Re: BUG #12202: json operator ->>with offset

From: Alvaro Herrera <alvherre(at)2ndquadrant(dot)com>
To: Matt Freeman <matt(at)nonuby(dot)com>
Cc: pgsql-bugs(at)postgresql(dot)org
Subject: Re: BUG #12202: json operator ->>with offset
Date: 2014-12-11 20:06:57
Message-ID: 20141211200657.GO1768@alvh.no-ip.org
Views: Raw Message | Whole Thread | Download mbox | Resend email
Thread:
Lists: pgsql-bugs

Matt Freeman wrote:

> SELECT blob->>'firstName' FROM couchcontacts OFFSET 10000 LIMIT 10
>
> Takes upwards of 10 seconds!! Noted inefficiencies of offset aside why is
> this presumably causing 10,010 json decode ops? As the projection has no
> side-effects I don't understand the reason this can't be fast?

With respect to the tuples emitted, an Offset node runs later than
whatever is emitting the tuples in the first place.
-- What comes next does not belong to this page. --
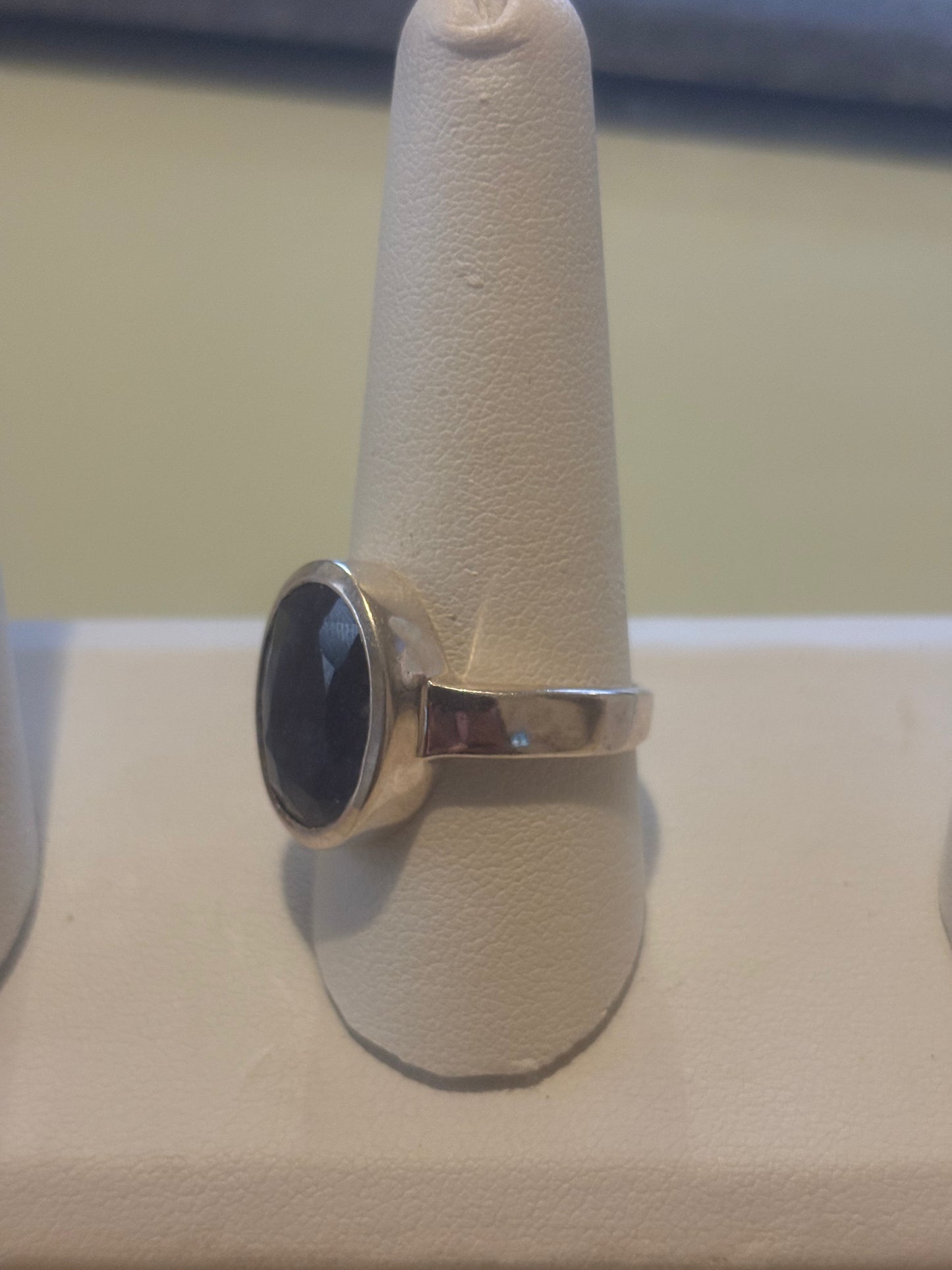 Sapphire Stone Ring Sterling Silver 925 Ring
So the expressions
in the target list (blob->>'firstName' in this example) are executed for
all tuples, not just the ones past the 10000 offset. I guess we could
have an optimization to skip evaluating expressions for tuples that are
not going to be emitted, if none of them are volatile (bonus points if
only the volatile ones are evaluated, I guess). I don't think we have
that today; it certainly doesn't sound trivial.

This is not a JSON thing: you would probably see the same behavior with
expensive expressions involving any other type.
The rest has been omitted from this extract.